Abstract:
A process and apparatus for the combustion of liquid fuel provides an extremely intense blue/violet flame having a temperature in excess of 3000° F. with combustion under near perfect stoichiometric conditions without the formation of soot. The liquid fuel is atomized and mixed with air within a nozzle and enters a flame tube surrounding the nozzle as a conical stream where it is further atomized by jets of air directed to converge on the stream and mixed with secondary combustion air to obtain the desired combustion mixture. Yet further atomization of the liquid fuel-air mixtures within the flame tube can be obtained as a consequence of at least partial vaporization of the liquid fuel therein through the heat of the flame tube. An advantageous relationship exists between the size, angle and point of convergence of the air jets with the atomized conical stream, the flame tube diameter and length and the location of the nozzle therein and the fuel feed.

Description:
This application is a continuation of copending application Ser. No. 640,978 filed Dec. 15, 1975 abandoned. 
    
    
     BACKGROUND OF THE INVENTION 
     The present invention relates to a process and apparatus for the combustion of liquid fuels, especially fuel oil Numbers 2 through 4. Further, the present invention relates more particularly to an oil atomizing burner that uses low pressure air as the primary and secondary atomizing medium. 
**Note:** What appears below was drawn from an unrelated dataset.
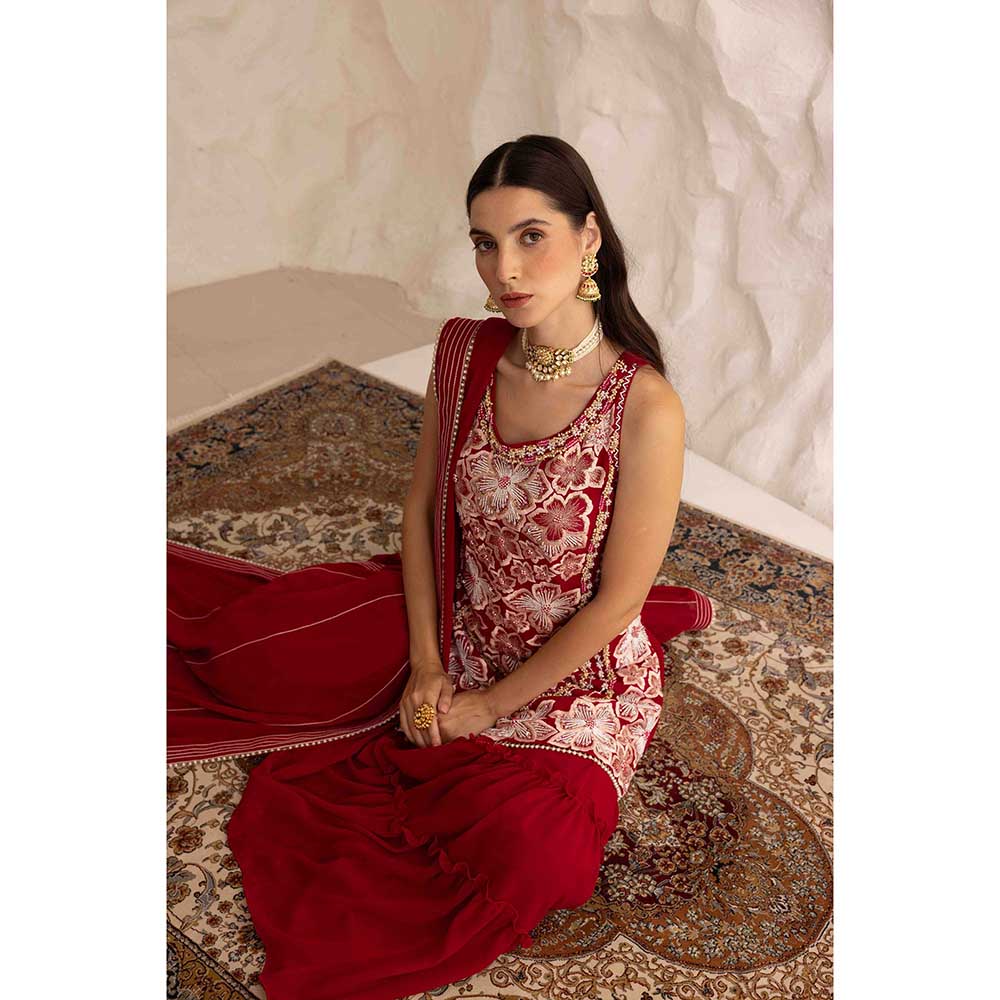 Ajiesh Oberoi Red Prisha Short Kurta with Sharara and Dupatta (Set of 3)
     There are known combustion processes and burners by which fuel oils are atomized with air. Prior art burners are not adapted to produce perfect or near perfect combustion. As a result, soot and carbon are formed which has a further detrimental effect on the burner operation as the soot and carbon contaminate the nozzle, combustion chamber and other heat-exchange surfaces. The present invention, by producing complete combustion, eliminates the formation of soot. 
     One of the more advanced designs for burners prior to the present invention is shown in U.S. Pat. No. 3,362,647 to Davis et al. That patent discloses a burner spray nozzle which utilizes fuel oil under pressure which is thereafter mixed with normally aspirated air. In the present invention, the atomized air is under pressure and the fuel is not. These are burners which do, however, utilize low pressure air for atomization purposes as well as to draw the fuel into the mixing chamber. Such a design is shown in Schreter et al, U.S. Pat. No. 3,254,846. The Schreter patent does not utilize the construction of the present nozzle which has been designed to swirl the fuel-air mixture to increase the atomization process. Further Schreter does not disclose the use of a flame tube or secondary atomization which is utilized by the present invention. Another prior art construction which is of possible interest is disclosed by Graat, U.S. Pat. No. 3,870,456. This prior art reference does not disclose the present invention as it utilizes an entirely different nozzle structure wherein the fuel is under pressure. Further, the Graat reference does not disclose any secondary or tertiary atomization. 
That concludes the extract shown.